A novel MM algorithm and the mode-sharing method in Bayesian computation for the analysis of general incomplete categorical data

Incomplete categorical data often occur in the fields such as biomedicine, epidemiology, psychology, sports and so on. In this paper, we first introduce a novel minorization–maximization (MM) algorithm to calculate the maximum likelihood estimates (MLEs) of parameters and the posterior modes for the analysis of general incomplete categorical data. Although the data augmentation (DA) algorithm and Gibbs sampling as the corresponding stochastic counterparts of the expectation–maximization (EM) and ECM algorithms are developed very well, up to now, little work has been done on creating stochastic versions to the existing MM algorithms. This is the first paper to propose a mode-sharing method in Bayesian computation for general incomplete categorical data by developing a new acceptance–rejection (AR) algorithm aided with the proposed MM algorithm. The key idea is to construct a class of envelope densities indexed by a working parameter and to identify a specific envelope density which can overcome the four drawbacks associated with the traditional AR algorithm.
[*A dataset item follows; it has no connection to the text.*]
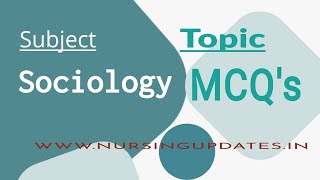 Sociology multiple choice questions [upl. by Akiaki730]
The proposed mode-sharing based AR algorithm has three significant characteristics: (I) it can automatically establish a family of envelope densities { g λ ( ⋅ ) : λ ∈ S λ } indexed by a working parameter λ , where each member in the family shares mode with the posterior density; (II) with the one-dimensional grid method searching over the finite interval S λ , it can identify an optimal working parameter λ opt by maximizing the theoretical acceptance probability, yielding a best easy-sampling envelope density g λ opt ( ⋅ ) , which is more dispersive than the posterior density; (III) it can obtain the optimal envelope constant c opt by using the mode-sharing theorem (indicating that the high-dimensional optimization can be completely avoided) or by using the proposed MM algorithm again. Finally, a toy model and three real data sets are used to illustrate the proposed methodologies.